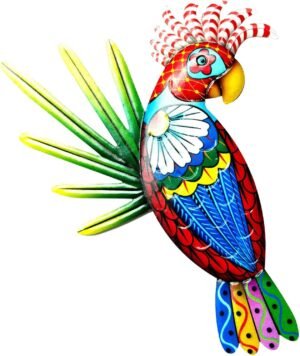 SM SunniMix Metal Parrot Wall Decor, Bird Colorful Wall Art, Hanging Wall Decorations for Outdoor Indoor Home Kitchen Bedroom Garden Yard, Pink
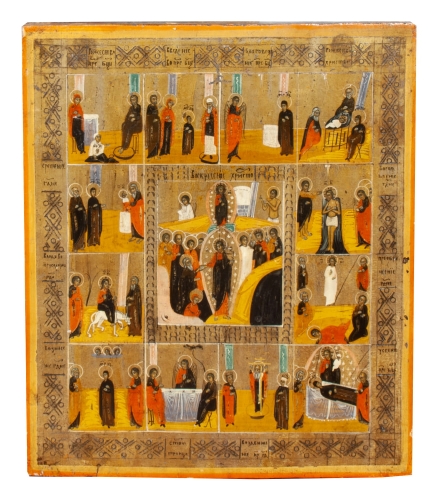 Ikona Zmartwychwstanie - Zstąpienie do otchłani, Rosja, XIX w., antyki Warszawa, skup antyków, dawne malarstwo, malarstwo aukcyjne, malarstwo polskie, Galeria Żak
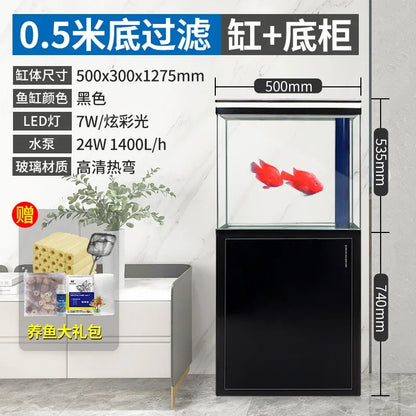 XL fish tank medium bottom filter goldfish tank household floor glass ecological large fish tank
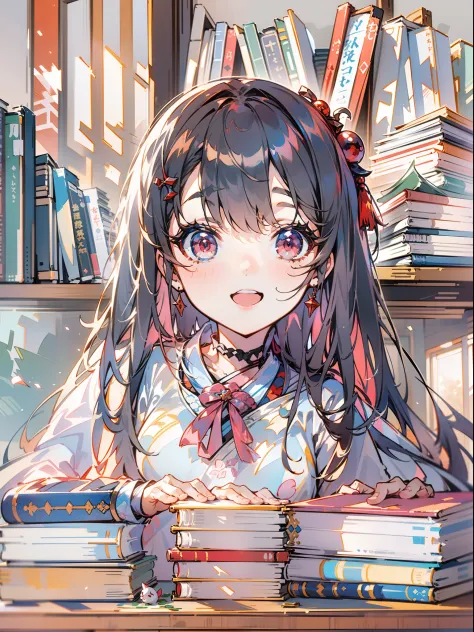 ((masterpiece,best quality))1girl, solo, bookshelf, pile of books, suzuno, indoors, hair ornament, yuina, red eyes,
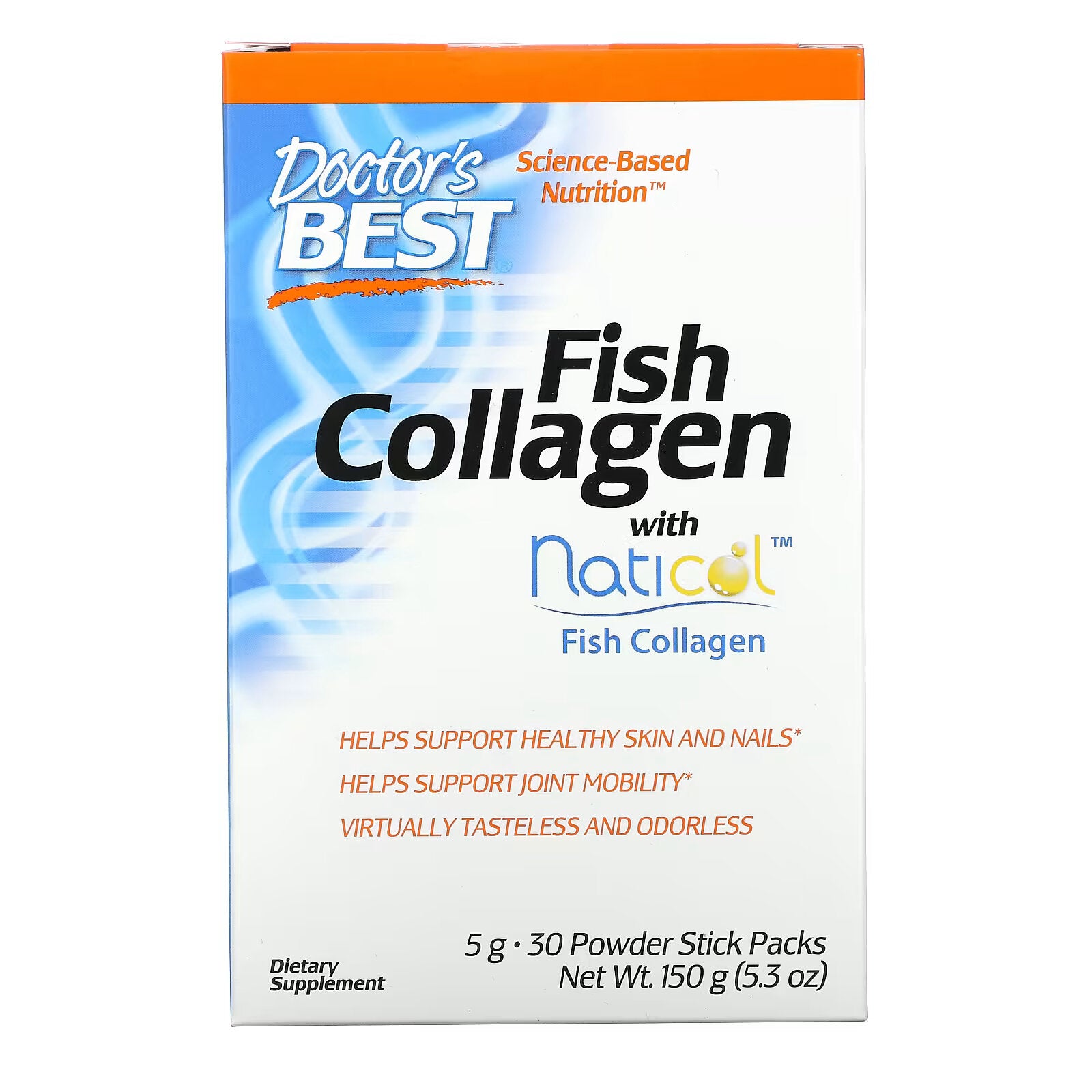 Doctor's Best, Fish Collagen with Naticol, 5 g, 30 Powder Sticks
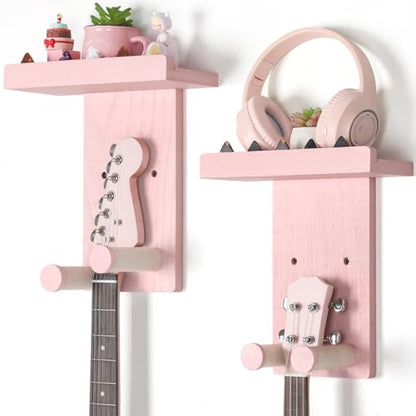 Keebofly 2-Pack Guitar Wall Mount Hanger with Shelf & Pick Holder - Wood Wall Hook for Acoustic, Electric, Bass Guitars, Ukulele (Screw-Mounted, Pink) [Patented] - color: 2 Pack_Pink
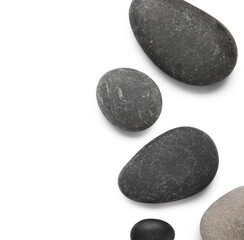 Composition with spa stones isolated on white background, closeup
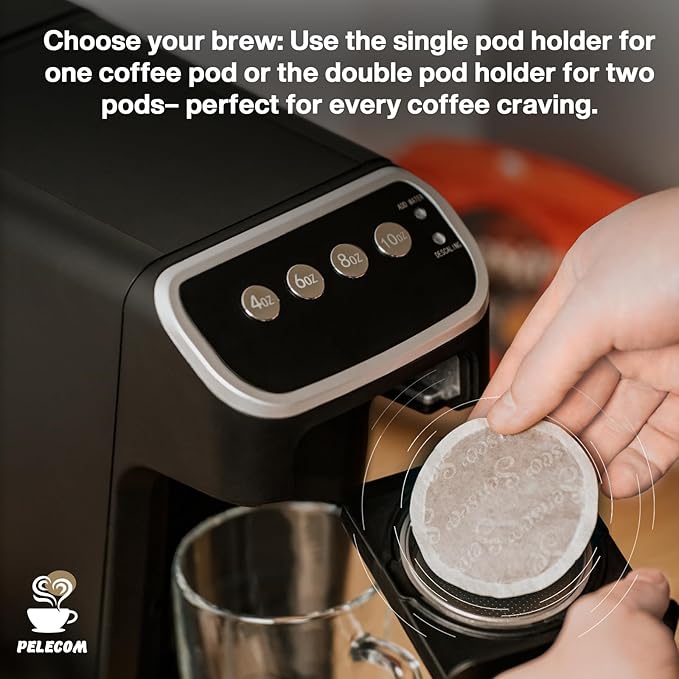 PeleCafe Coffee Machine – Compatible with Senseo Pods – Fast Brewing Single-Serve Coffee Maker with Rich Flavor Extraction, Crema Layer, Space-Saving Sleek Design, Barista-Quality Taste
====================
Having found the line with "Ikona Zmartwychwstanie - Zstąpienie" and the line with "XL fish tank" in the material above, write out exactly those two and every line between, leaving the pictures out.

 Ikona Zmartwychwstanie - Zstąpienie do otchłani, Rosja, XIX w., antyki Warszawa, skup antyków, dawne malarstwo, malarstwo aukcyjne, malarstwo polskie, Galeria Żak
 XL fish tank medium bottom filter goldfish tank household floor glass ecological large fish tank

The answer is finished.